Passend zur Figurengruppe stellt Manessiers Fenster die Karfreitagsnacht dar. Nachdem Christus am Karfreitag am Kreuz verstirbt, sticht ihm ein römischer Soldat mit einer Lanze in die Seite, worauf Blut und Wasser herausströmen. In der Nacht wird Christus in einem Felsengrab bestattet. Manessiers Farbensymbolik verbildlicht diese Zusammenhänge: Das rote Blut Christi wird in der dunkelblauen und düsteren Karfreitagsnacht vergossen. Gleichzeitig steht das Blau der Nacht auch für Klarheit und Unendlichkeit. Die violetten Farbtöne, die immer wieder das Blau durchziehen, stehen für die Passion Christi und in der Liturgie für Entsagung und Schmerz (Trümpler 1993). Die türkisfarbenen und grünen Glasstücke, die an einigen Stellen einen zarten Schleier in das dunkle Blau bringen, deuten die Hoffnung an, die mit der Auferstehung Christi an Ostern folgt. Insgesamt kann Manessiers Werk als Allegorie einer für das gesamte Christentum essentielle Bibelstelle angesehen werden: «Gott ist Licht» (1 Joh 1,5).
In der Kapelle gibt es noch ein zweites, schmaleres Fenster von Manessier. Dieses befindet sich linkerhand der Karfreitagsnacht und weist – ebenfalls mit der Betonung auf die Horizontale – wesentlich hellere, hauptsächlich hellblaue und gelbe Farbpartien auf. Der untere Saum besteht aus grünen Farbgläsern. Es verweist in seiner Helligkeit auf den Ostermorgen.
Wie Manessier anlässlich der Einweihung seiner Fenster sagte, wollte er die intensive Situation und die besondere Verbindung der 13 Figuren der Grablegungsgruppe darstellen. Er bezeichnete sein Werk dabei als «Begleitthema». Dies mag der Grund dafür sein, dass seine abstrakten Fenster nicht fremd in einer Kapelle des 15. Jahrhunderts wirken.
Die kirchlichen Entscheidungsträger von Fribourg wünschten, dass Manessier mit dem ortsansässigen Atelier von Michel Eltschinger zusammenarbeitet. Das erste Treffen fand 1975 statt und wohl noch im gleichen Jahr entstanden die Probescheiben für das Fenster, das die Karfreitagsnacht zeigt. Eine dieser Scheiben, die untere rechte Ecke, wurde 1976 vom Künstler signiert und zeigt die untere rechte Ecke des Fensters.

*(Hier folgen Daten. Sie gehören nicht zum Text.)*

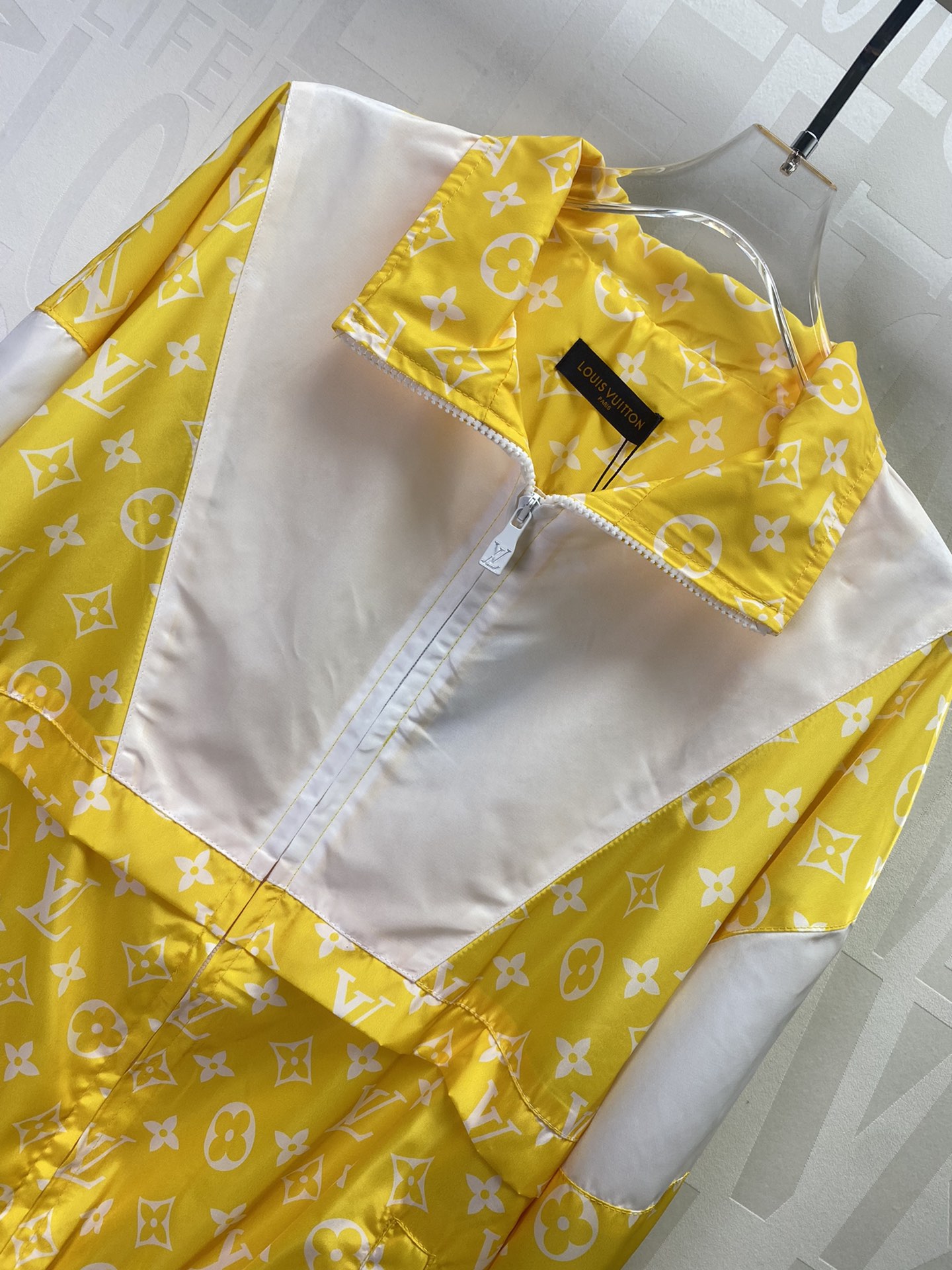 路易威登高仿LV拼色防曬服套裝多功能衣服 女款外套 超年輕時尚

Für die Kathedrale von Fribourg schuf Manessier in den nächsten Jahren noch weitere Fenster: 1980 bis 1983 entstanden die Fenster des Hochschiffs und im Jahre 1988 die Rose der Westfassade.
Manessier bevorzugte seit 1943 – und seit einem spirituellen Rückzug nach Soligny, den er später seine «Bekehrung» nannte – Abstraktion als Ausdrucksweise für seine Kunst. Denn, so formulierte der Künstler, die figurative Darstellung erlaube es ihm nicht mehr, sich dem Wesentlichen und der Wahrheit zu nähern.